■ AVAILABLE DATA:
<<<<
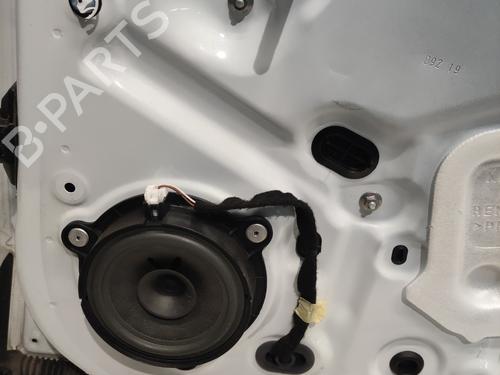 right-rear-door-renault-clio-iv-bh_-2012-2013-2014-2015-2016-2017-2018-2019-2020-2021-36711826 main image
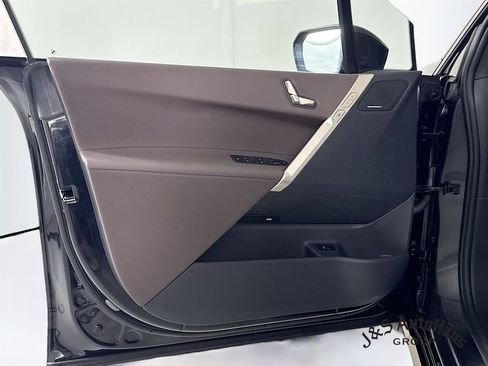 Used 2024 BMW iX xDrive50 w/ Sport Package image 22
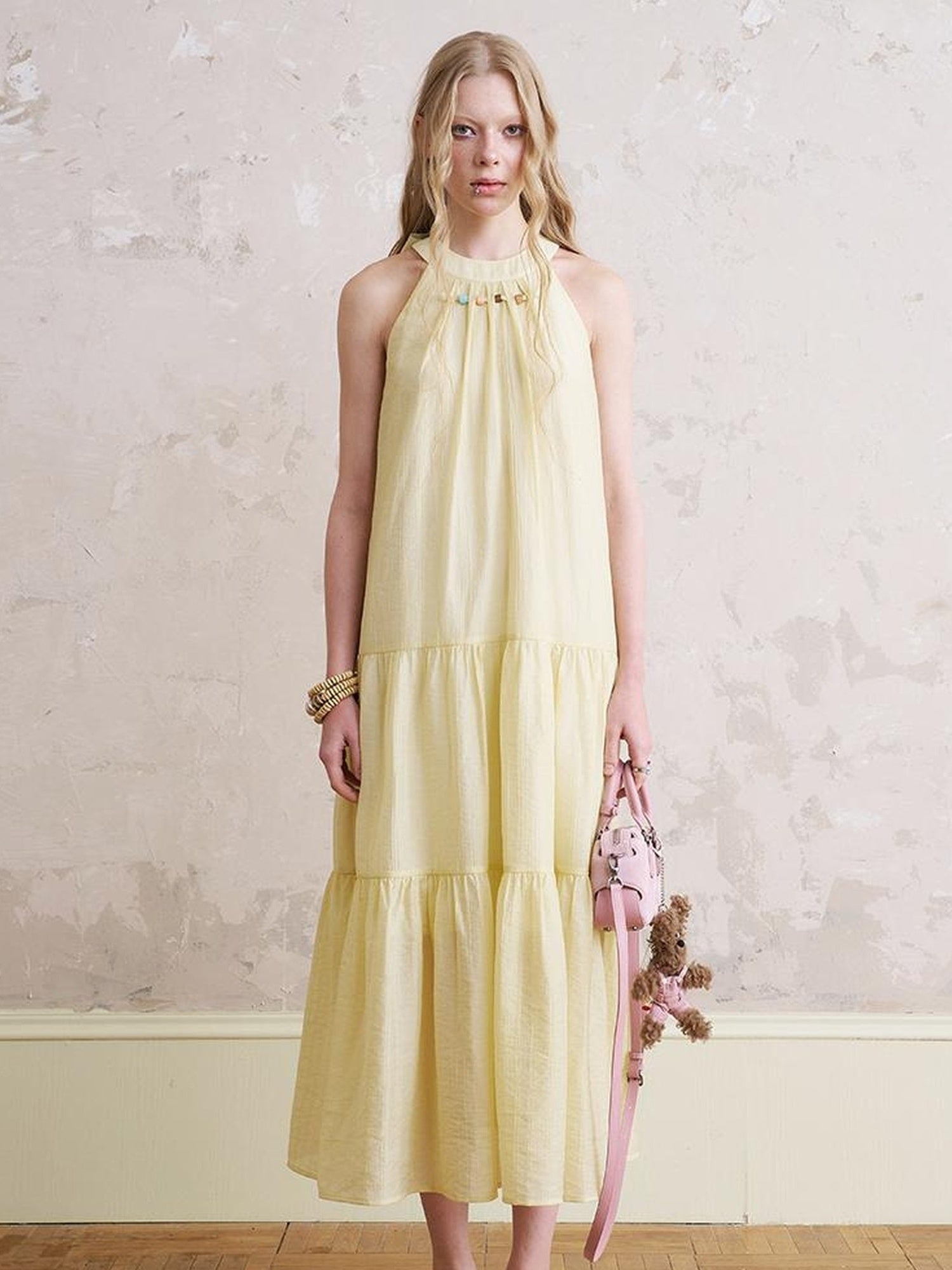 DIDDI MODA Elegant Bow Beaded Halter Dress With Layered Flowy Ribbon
>>>>
Retype the data in full. Images do not go in the copy.

 right-rear-door-renault-clio-iv-bh_-2012-2013-2014-2015-2016-2017-2018-2019-2020-2021-36711826 main image
 Used 2024 BMW iX xDrive50 w/ Sport Package image 22
 DIDDI MODA Elegant Bow Beaded Halter Dress With Layered Flowy Ribbon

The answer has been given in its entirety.